L’histoire du Marais Wiels surgissant dans les ruines de la crise financière de 2008 a beau être connue, les découvertes animales qu’on continue à y faire – parce qu’on en prend soin – amènent à repenser le statut de la « nature » en ville.
Le Marais Wiels est apparu à Forest, non loin du croisement de l’avenue Van Volxem et de l’avenue Wielemans-Ceuppens. Au début du XXIe siècle, le site historique de la brasserie, fermée en 1988, s’est retrouvé entre les mains d’investisseurs désireux d’y implanter un vaste complexe de bureaux. En 2007, lors des travaux, des fondations furent creusées dans un renfoncement de plusieurs mètres de profondeur et d’environ 9 000 mètres carrés. Durant ces opérations, des forages profonds visant à ficher des pieux de béton ont entrainé une résurgence de la nappe phréatique. Progressivement, l’eau issue de la nappe, provenant des parois et venue d’averses, s’accumula sur le site, le sol argileux la retenant. La crise financière de 2008 achevant d’empêtrer le projet, les travaux furent interrompus et le site laissé à l’abandon.
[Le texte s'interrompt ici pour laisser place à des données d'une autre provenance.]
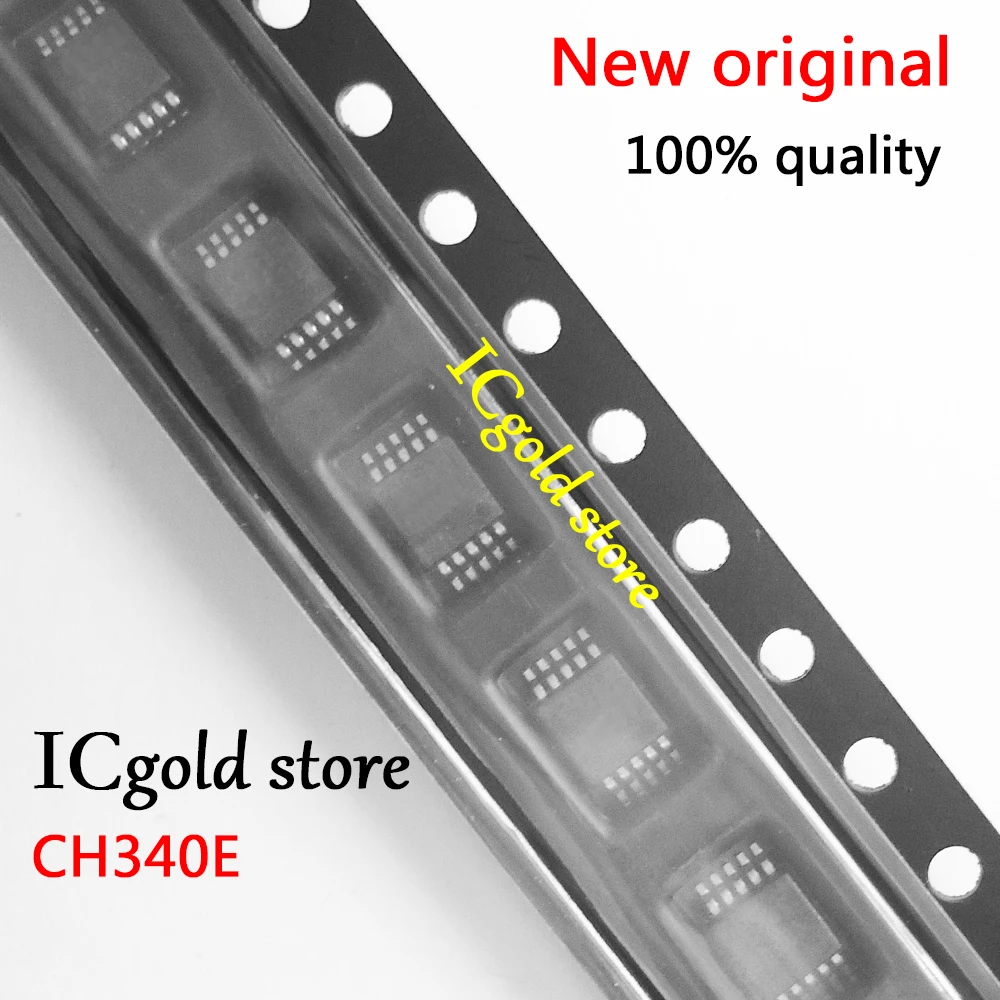 

10 шт., фотообои CH340E 340E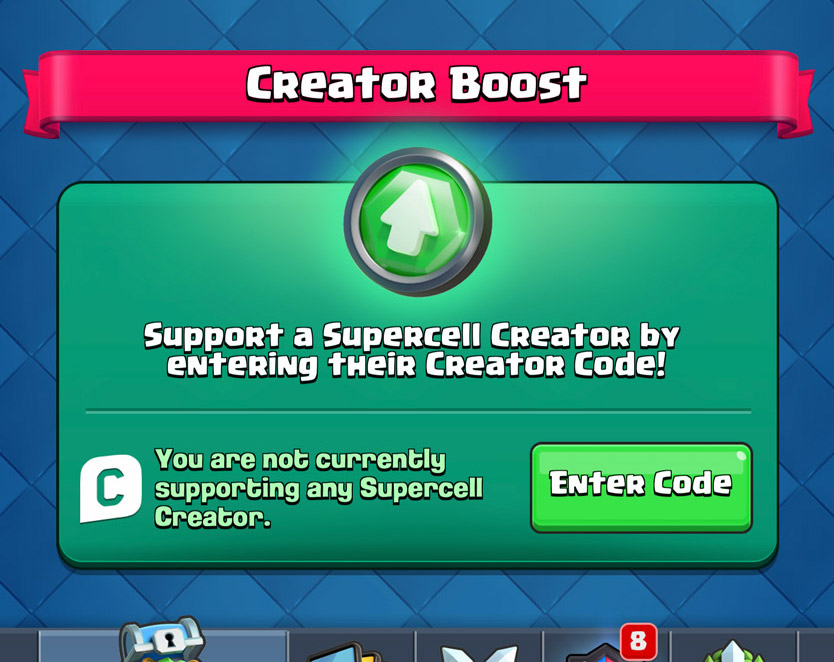 About Deck Shop For Clash Royale Best Clash Royale Decks Guides Tutorials Tips - brawl stars creator code gems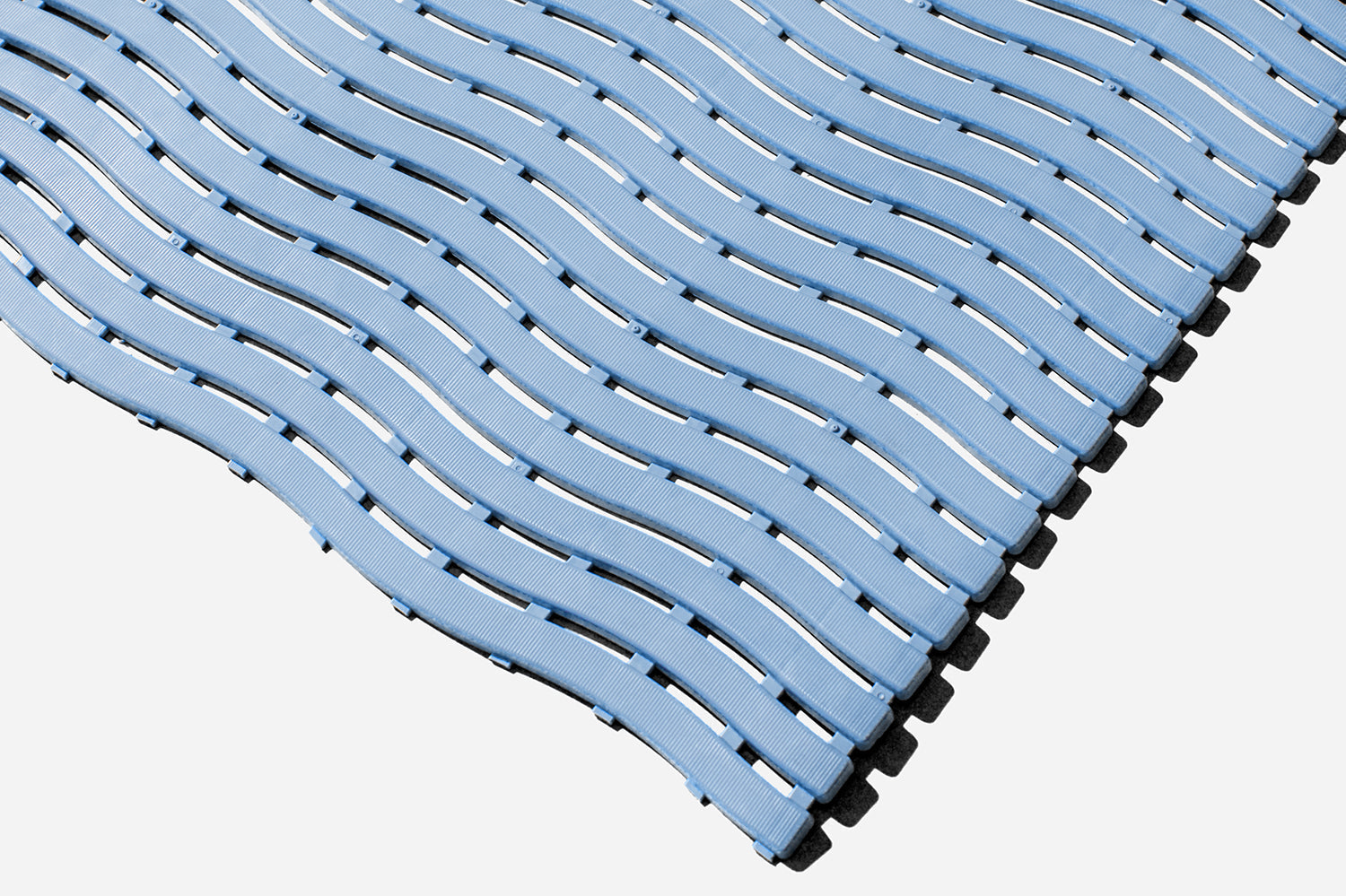 AquaStep Matting Grey (9666252108)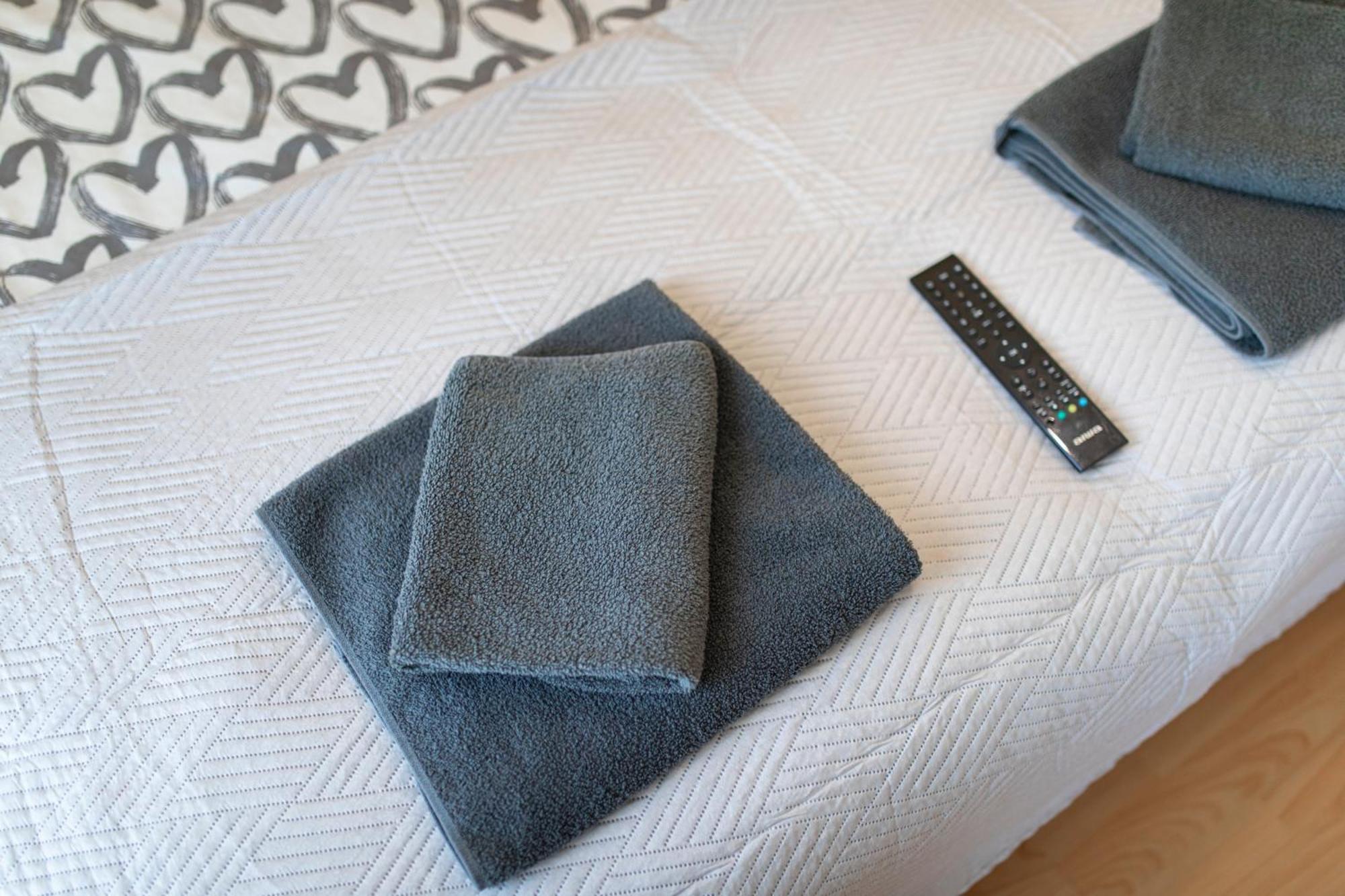 Lucsony Apartman Mosonmagyaróvár エクステリア 写真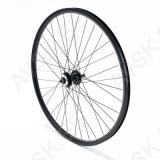 Tagajooks Adriatica 29' Disc QR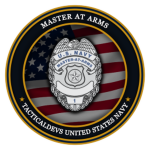 NMP | Master At Arms
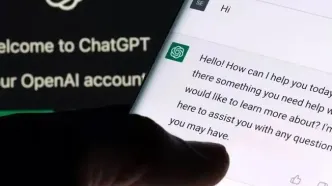 چگونه هکرها با اسم ChatGPT و گوگل کاربران را فریب می‌دهند؟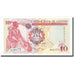 Billet, Lesotho, 10 Maloti, 2000, KM:15a, NEUF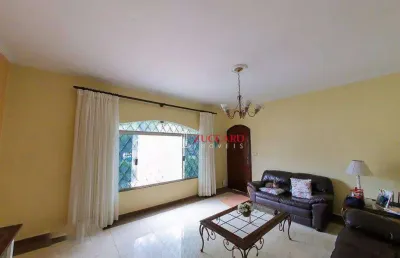 Casa à venda, 578 m² por r$ 1.549.000,01 - jardim munhoz - guarulhos/sp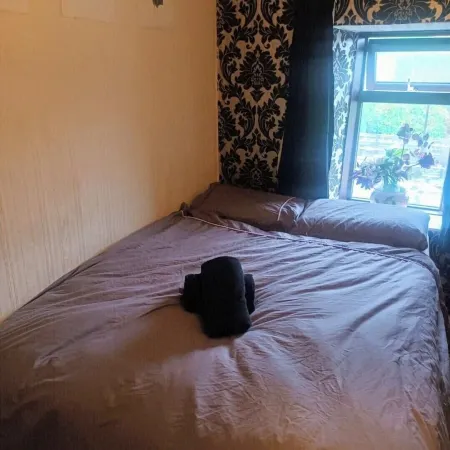 Wexford Townhouse with Private garden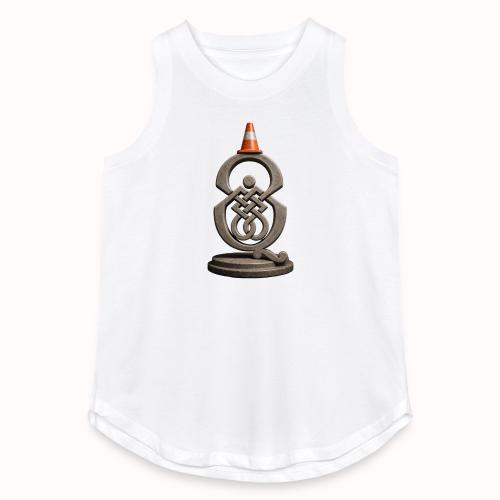 Cone of Honor - Women's Relaxed Tank Top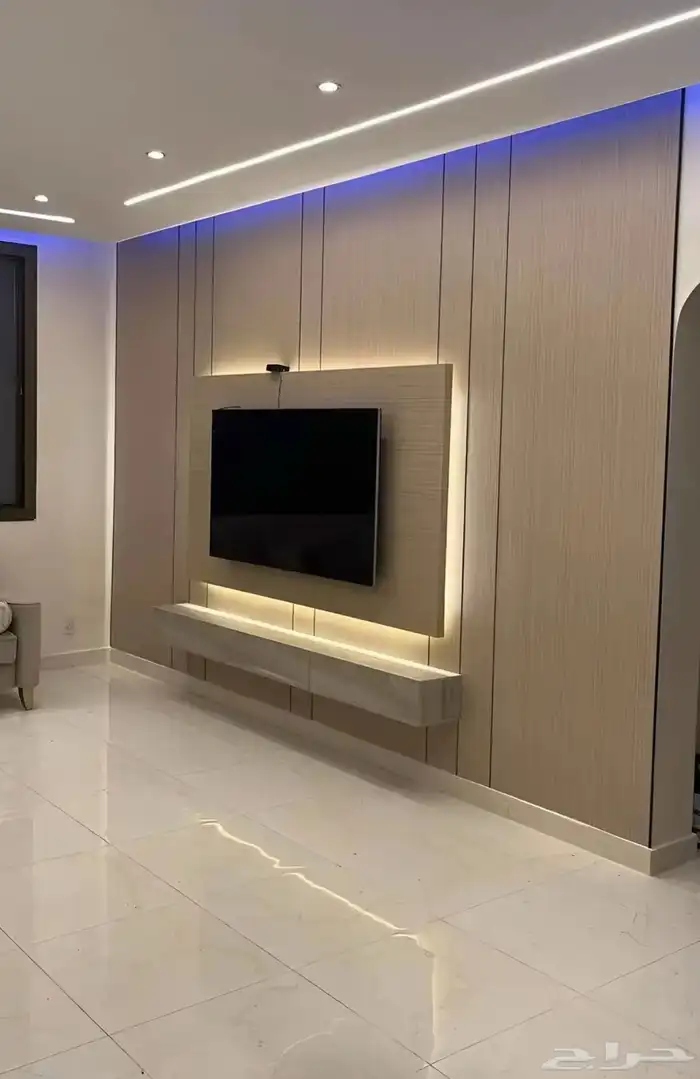 معلم ديكورات و دهانات 2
Des riverains et riveraines se prirent d’affection pour ce lieu particulier et ses nouveaux habitants volants, nageants, fleurissants, coassants, chantants ou vrombissants.
De la végétation s’installa. Les photographies aériennes du site datant de 2012, disponibles en ligne sur le portail cartographique de la Région (BruGIS), témoignent de l’expansion d’algues dans l’eau et d’une couverture basse sur la terre ferme. Celles de 2014 révèlent des dynamiques naturelles de plus en plus marquées : l’eau couvre désormais la plupart des piliers de béton, vestiges du projet immobilier ; deux roselières ont commencé à s’épanouir dans le nord et le sud du site. En 2015, le naturaliste forestois Léon Meganck réalisa un inventaire des nombreuses espèces végétales et animales présentes sur le site, concluant que, du point de vue écologique, il pouvait être caractérisé comme « marais en plein dynamisme » [1].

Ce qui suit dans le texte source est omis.